Главная » Все Новости » События » Я верю, что возродится Чечня, сильная, единая и независимая»,

Я верю, что возродится Чечня, сильная, единая и независимая»,

День из жизни вдовы чеченского бойца

Второй год подряд JDD и школа журналистики при Институте Sciences-Po провели конкурс на лучший очерк. Мы публикуем статьи двух победителей: первый приз достался Янну Томпсону (Yann Thompson) за зарисовку из жизни Жана-Жака Урвоаса (Jean-Jacques Urvoas), человека, который создал оборонную программу для Социалистической партии, тогда как второй получила Анаис Лобе (Anaïs LLobet) за встречу с Захой, женой погибшего чеченского боевика.   

Встреча в Грозном с вдовой чеченского бойца. «Во время войны было тяжело, но сейчас все еще хуже».

В раковине стоит пустая кастрюля. Заха смотрит на нее невидящим взглядом. Сегодня в Грозном опять не будет воды. Рядом с ней рыдает маленькая Милана. Ей хочется пить. Тут, без предупреждения, Заха отвешивает ей затрещину: «Если будешь плакать, то обезвоживание будет только сильнее!» Несколько секунд Милана сидит тихо. А затем начинает смеяться. «Обезвоживание, обезвоживание», — повторяет она, искренне радуясь этому новому для нее русскому слову с высоты своих пяти лет.    

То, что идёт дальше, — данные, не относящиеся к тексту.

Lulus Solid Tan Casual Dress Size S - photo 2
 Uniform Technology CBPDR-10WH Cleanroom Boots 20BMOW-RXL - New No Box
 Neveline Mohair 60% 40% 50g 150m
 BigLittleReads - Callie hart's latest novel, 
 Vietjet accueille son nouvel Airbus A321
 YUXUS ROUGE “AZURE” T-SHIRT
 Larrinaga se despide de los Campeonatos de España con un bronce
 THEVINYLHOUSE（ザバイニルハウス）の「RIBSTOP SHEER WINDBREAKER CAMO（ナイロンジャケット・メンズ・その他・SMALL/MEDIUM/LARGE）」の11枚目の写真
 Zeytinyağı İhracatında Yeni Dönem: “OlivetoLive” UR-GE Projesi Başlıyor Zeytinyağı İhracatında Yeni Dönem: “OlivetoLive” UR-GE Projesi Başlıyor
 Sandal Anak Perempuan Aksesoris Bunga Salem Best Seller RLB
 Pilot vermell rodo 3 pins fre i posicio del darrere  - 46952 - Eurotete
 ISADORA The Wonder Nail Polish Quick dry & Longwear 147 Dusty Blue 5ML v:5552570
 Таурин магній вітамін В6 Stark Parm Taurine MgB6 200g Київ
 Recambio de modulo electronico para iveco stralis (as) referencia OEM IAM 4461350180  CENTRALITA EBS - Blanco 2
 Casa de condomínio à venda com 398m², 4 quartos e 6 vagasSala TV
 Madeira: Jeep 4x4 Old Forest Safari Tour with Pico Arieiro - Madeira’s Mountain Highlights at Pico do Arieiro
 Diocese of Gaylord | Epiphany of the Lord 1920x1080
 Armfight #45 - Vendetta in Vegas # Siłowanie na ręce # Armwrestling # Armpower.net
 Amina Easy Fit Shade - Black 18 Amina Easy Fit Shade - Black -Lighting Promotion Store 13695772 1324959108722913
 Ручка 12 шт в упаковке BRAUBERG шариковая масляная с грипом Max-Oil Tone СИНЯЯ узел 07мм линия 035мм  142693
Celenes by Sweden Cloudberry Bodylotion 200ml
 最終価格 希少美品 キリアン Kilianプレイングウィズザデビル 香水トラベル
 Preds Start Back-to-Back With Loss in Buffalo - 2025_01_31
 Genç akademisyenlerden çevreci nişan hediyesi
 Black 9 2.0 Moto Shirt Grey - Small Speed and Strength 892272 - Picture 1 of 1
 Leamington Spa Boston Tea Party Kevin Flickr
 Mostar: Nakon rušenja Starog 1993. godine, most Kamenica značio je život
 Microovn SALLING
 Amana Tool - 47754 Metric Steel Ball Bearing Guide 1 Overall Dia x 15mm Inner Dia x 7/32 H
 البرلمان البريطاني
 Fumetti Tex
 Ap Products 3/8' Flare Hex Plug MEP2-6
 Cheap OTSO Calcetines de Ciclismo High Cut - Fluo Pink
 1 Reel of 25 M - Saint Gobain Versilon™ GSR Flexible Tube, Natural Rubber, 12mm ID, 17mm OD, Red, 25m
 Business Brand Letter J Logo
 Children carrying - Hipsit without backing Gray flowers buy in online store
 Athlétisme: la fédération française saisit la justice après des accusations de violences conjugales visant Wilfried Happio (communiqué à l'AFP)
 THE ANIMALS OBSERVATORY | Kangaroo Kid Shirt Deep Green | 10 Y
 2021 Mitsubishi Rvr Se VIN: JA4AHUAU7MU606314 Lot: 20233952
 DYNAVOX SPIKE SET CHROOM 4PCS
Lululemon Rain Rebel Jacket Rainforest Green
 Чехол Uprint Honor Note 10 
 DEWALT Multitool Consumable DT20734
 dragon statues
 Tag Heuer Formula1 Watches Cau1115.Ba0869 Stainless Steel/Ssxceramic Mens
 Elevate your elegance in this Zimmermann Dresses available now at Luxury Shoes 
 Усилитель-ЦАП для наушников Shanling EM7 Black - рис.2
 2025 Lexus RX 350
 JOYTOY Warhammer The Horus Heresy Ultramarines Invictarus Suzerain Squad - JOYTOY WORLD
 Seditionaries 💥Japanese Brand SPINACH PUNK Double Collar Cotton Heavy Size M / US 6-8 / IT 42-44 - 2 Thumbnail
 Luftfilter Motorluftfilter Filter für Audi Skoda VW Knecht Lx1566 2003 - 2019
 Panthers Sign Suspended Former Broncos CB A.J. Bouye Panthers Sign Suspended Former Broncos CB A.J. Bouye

Захе всего 35 лет, но после того, как окончание чеченской войны постепенно перешло в латентный конфликт, ее лицо избороздили морщины. Она садится рядом с Миланой, чтобы поиграть с ней. «Если мы будем думать о жажде, то сойдем с ума, Сулейман мне всегда это говорил», — говорит она. Сулейман – это муж Захи. Вместе с ним она присоединилась к чеченским боевикам в 1995 году, в разгар войны с Россией. В тот момент Захе только исполнилось 20 лет, и ей уже тогда не хватало воды. Река в лесу, где прятались мятежники, была отравлена российскими солдатами. А дождь все не шел. Когда же с неба посыпалась долгожданная влага, за ней последовали бомбы с российских вертолетов.  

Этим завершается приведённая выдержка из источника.